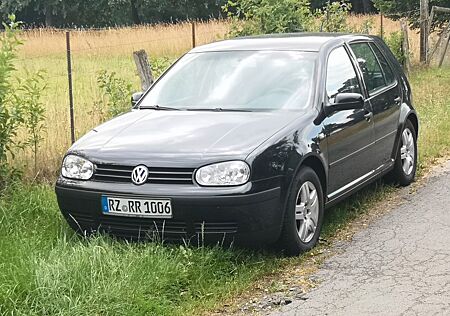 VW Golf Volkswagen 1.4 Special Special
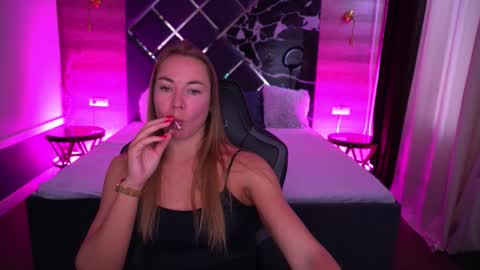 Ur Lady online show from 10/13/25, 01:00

---

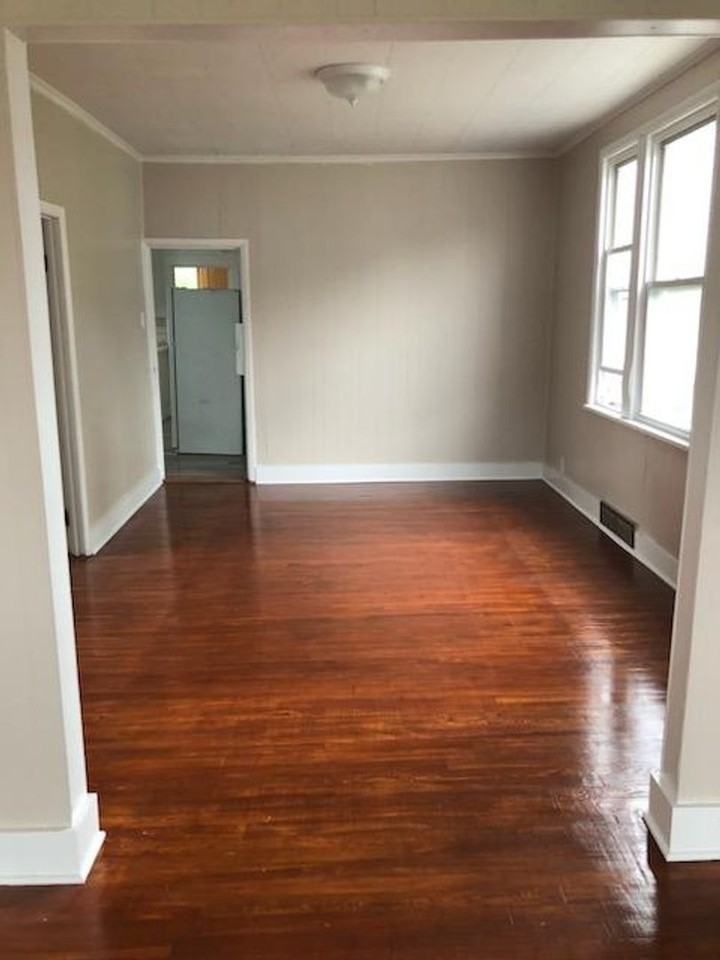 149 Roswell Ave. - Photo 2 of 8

...

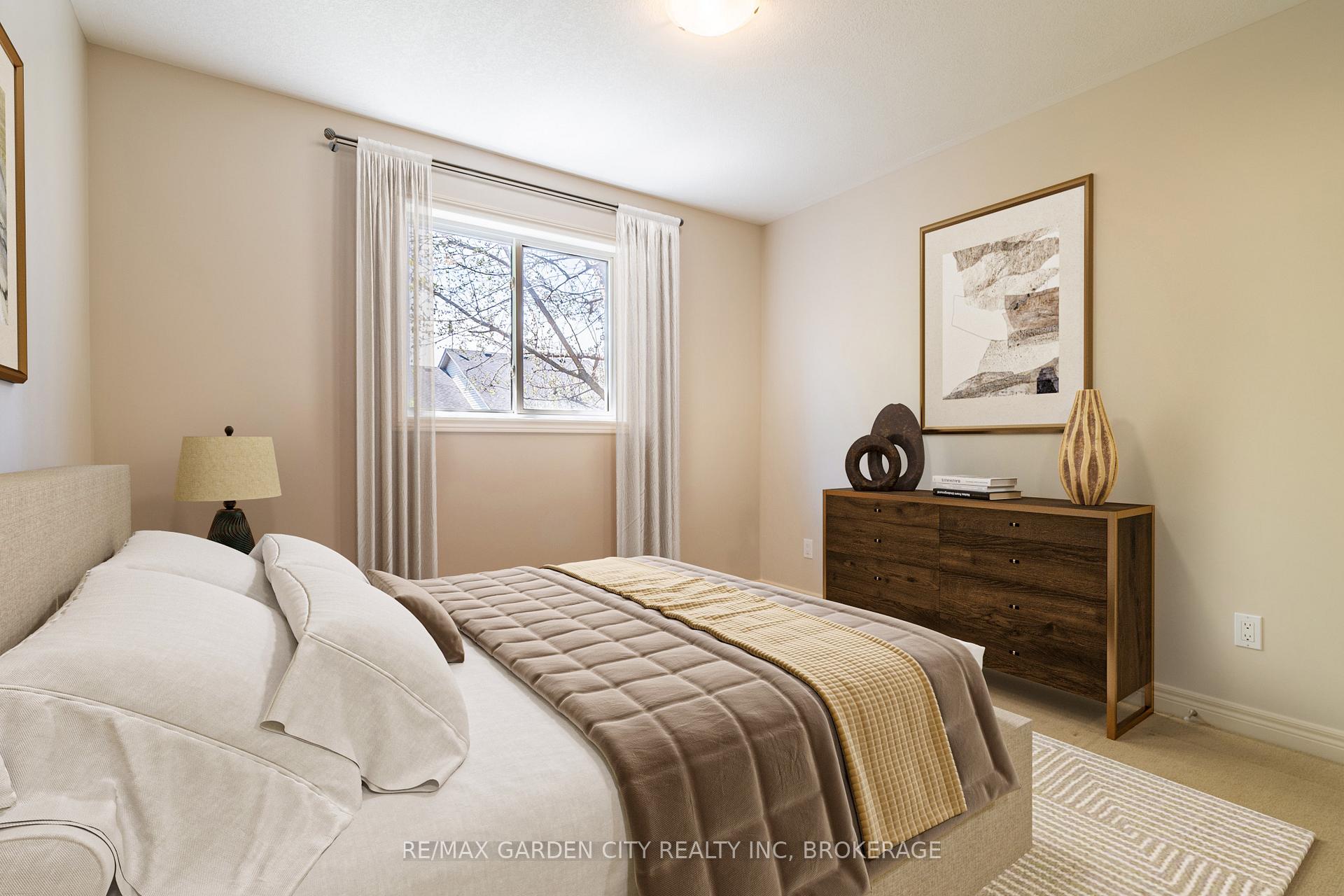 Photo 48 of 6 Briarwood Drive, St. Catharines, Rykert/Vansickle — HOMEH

## [Your task]
Write out word for word the lines of the listing above from the line with "VW Golf Volkswagen 1.4 Special Special" to the line with "Ur Lady online show from 10/13/25, 01:00", taking in both of those lines but no pictures.

## [Result for this task]
 VW Golf Volkswagen 1.4 Special Special
 Ur Lady online show from 10/13/25, 01:00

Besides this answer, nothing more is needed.